How to work during the course

You will be working on your Galaxy instance throughout the course and produce two different kinds of results:

  • source codes: jupyter notebooks, python scripts

  • data: netCDF, tabular/csv, etc. and figures/plots (png, HTML, etc.)

We will use github to save our code changes (jupyter notebooks, python scripts) and our private s3-compatible shared storage (http://forces2021.uiogeo-apps.sigma2.no/) for storing data (netCDF, tabular/csv, etc.) and plots/figures (png, HTML, etc.)

Clone the forces-2021 git repo to your Galaxy instance

  • start a terminal window in your JupyterLab to clone our github respository:

    1. make a personal token (https://www.shanebart.com/clone-repo-using-token/) and make sure you save it in a safe place!

    2. type:

        git clone https://github.com/NordicESMhub/forces-2021
        password = token
      
    3. use the sidebar to navigate in the github structure.
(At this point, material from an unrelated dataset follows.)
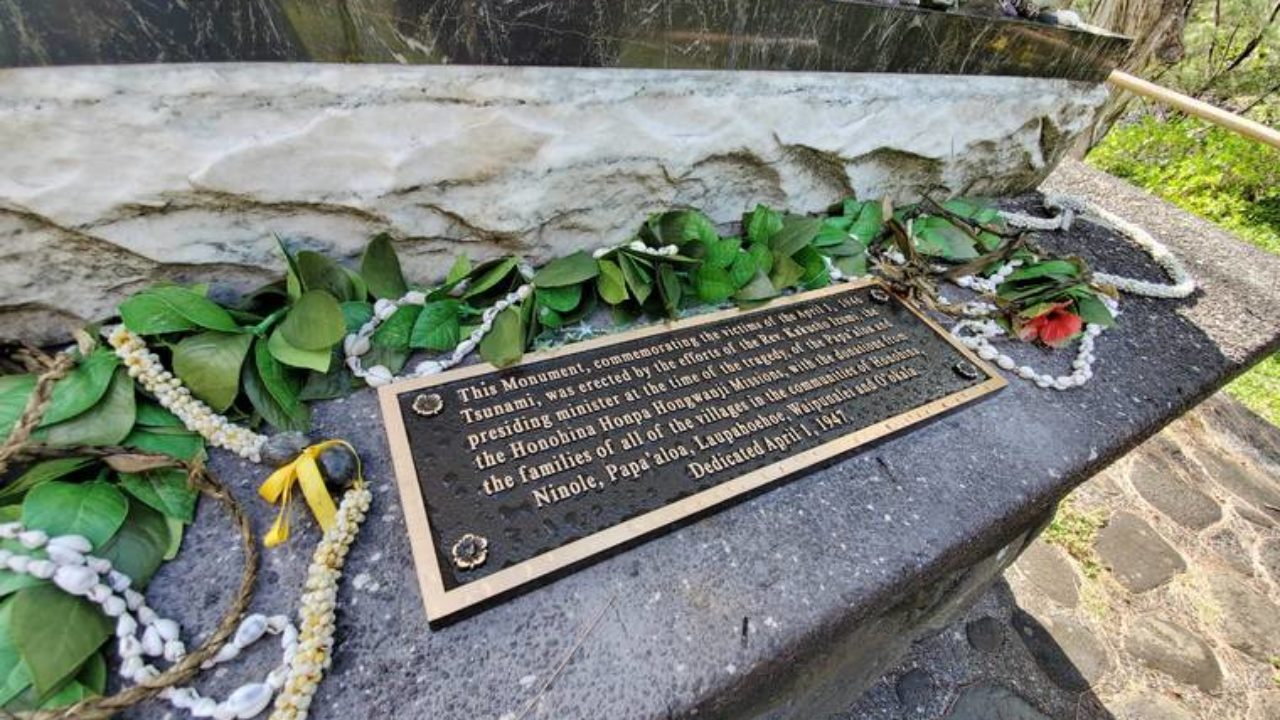 Improved Memorial Placed For 1946 East Hawaii Tsunami West Hawaii Today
    4. Find code examples under content/learning/example-notebooks

Warning

As previously mentioned, make sure to push your code changes regularly to github.

Save your notebooks

  1. Always add your name in the filename to avoid any mistakes (overwrite other’s notebooks, etc.) such as eClimate_2021_NAME.ipynb

  2. Add/update your notebook in the private forces-2021 repository:

    • If you are familiar with git and github: make a new branch, add your notebook in the notebooks folder and make a Pull Request;

    • otherwise:

If you want to learn more about sharing your notebooks, check our section on “How to share your notebooks?”.

Data Management Plan

It is important to think about what you will be using (input data), what you will be producing (jupyter notebooks, python scripts, datasets) and what to do with all the different data (before, during and after your project is completed).
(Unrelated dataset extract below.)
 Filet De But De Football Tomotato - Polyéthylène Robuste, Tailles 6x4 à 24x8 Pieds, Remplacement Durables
Write a small document (can be in a Jupyter notebook or mardown), detailing:

  • What input data is needed/used for your project (update it whenever you have new information to add):

    • Do they have a unique identifier (DOI), are they available from an authoritative data provider, etc. Provide as much information as you would need to find/reuse the same data in a year or more;

  • What data will you generate?

    • python scripts and jupyter notebooks should be saved in for forces-2021 private repository

    • new generated datasets, plots/figures should be saved in http://forces2021.uiogeo-apps.sigma2.no/: bucket: work and then create a new folder with your name (no spaces or special characters). You may also want to save your python scripts and jupyter notebooks there too before you upload the final jupyter notebook & python scripts;

If you have any doubts, ask your group leader.
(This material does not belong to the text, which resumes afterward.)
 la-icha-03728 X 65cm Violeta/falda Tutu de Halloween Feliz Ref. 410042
Organize my project directories

Most people who have done a bit of data analysis have experienced that your working directories can quickly become an unintelligible mess. Therefore, make sure to keep a clean house, with e.g. inputs in one corner, outputs in another, and your notebooks in yet a third. For instance, in http://forces2021.uiogeo-apps.sigma2.no/, bucket: work/yourname, I created 3 folders:

  • input: I will have a document with a list of input data I am using, with the DOI for each datasets;

  • tool: I regularly save all my jupyter notebooks and scripts (remember that you should also upload them to the private github repository forces-2021, at least at the end of the course)

  • output: I created two sub-folders:

    • data: I save all the new datasets (data files), including intermediate results;

    • figures: I save all my important plots/figures (png, HTML, etc.)